→ Exercise prompt: Print every line of the listing below, starting with the line that holds "スペシャルキャンペーン コース紹介" and going on through the line that holds "Glitzerndes A-Linien V-Ausschnitt", both included, and print nothing else.

→ Records shown:
==================================================
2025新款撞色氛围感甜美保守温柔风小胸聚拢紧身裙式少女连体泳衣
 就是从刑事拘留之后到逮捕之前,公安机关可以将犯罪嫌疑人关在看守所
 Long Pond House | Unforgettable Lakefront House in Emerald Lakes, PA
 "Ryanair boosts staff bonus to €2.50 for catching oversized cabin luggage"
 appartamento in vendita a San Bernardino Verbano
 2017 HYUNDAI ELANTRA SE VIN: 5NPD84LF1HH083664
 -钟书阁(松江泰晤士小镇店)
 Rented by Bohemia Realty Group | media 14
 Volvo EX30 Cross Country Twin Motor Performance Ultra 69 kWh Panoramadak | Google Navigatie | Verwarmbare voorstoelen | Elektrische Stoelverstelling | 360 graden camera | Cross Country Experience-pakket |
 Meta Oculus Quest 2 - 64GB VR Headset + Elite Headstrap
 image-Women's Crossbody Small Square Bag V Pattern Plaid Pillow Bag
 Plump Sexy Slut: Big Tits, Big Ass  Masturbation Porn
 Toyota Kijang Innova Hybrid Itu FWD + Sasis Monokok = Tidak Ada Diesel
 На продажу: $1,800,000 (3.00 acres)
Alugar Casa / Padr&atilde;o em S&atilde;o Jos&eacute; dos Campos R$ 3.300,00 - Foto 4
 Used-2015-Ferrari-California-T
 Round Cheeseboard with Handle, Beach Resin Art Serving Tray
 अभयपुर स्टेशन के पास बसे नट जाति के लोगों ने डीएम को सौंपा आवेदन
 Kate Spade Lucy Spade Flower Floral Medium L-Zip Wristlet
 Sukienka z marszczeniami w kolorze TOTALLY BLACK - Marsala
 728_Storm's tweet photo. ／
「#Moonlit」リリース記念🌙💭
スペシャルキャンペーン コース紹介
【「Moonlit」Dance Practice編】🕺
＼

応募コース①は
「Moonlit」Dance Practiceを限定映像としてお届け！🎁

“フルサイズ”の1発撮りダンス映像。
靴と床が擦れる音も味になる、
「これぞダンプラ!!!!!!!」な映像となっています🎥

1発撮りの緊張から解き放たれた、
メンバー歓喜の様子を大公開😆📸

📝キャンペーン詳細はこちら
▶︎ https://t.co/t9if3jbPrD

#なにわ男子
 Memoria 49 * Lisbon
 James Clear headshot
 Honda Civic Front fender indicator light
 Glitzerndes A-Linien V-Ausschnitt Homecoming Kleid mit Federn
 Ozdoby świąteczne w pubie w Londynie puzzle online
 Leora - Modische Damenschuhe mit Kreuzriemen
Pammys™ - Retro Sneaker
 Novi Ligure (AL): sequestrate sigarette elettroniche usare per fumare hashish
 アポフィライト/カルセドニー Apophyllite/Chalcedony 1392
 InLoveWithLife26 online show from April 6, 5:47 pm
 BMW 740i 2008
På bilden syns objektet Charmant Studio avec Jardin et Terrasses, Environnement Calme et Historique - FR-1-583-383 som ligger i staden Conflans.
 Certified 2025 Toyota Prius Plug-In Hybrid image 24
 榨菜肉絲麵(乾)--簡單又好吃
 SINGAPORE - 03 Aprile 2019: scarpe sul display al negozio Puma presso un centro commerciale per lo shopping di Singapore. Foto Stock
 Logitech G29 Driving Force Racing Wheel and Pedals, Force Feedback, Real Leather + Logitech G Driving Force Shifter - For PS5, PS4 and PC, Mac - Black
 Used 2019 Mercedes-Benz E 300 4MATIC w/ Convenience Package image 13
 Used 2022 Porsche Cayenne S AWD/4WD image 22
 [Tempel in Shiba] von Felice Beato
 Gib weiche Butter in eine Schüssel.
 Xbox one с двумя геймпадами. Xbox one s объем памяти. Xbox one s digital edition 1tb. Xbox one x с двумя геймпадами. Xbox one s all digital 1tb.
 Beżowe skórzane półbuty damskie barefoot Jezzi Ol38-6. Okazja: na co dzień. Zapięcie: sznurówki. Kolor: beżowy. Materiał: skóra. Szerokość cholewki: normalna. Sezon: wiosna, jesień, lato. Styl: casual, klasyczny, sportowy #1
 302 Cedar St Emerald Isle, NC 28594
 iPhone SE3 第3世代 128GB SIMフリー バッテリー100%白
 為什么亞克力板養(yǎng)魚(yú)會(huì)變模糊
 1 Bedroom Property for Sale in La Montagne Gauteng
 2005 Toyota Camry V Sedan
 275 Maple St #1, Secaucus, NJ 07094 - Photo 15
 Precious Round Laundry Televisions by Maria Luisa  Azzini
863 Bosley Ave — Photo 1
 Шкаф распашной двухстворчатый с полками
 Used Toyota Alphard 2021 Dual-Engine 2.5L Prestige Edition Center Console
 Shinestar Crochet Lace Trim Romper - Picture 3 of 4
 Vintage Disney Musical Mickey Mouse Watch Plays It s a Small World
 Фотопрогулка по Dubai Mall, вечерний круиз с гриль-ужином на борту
==================================================
→ Solved exercise:
スペシャルキャンペーン コース紹介
【「Moonlit」Dance Practice編】🕺
＼

応募コース①は
「Moonlit」Dance Practiceを限定映像としてお届け！🎁

“フルサイズ”の1発撮りダンス映像。
靴と床が擦れる音も味になる、
「これぞダンプラ!!!!!!!」な映像となっています🎥

1発撮りの緊張から解き放たれた、
メンバー歓喜の様子を大公開😆📸

📝キャンペーン詳細はこちら
▶︎ https://t.co/t9if3jbPrD

#なにわ男子
 Memoria 49 * Lisbon
 James Clear headshot
 Honda Civic Front fender indicator light
 Glitzerndes A-Linien V-Ausschnitt Homecoming Kleid mit Federn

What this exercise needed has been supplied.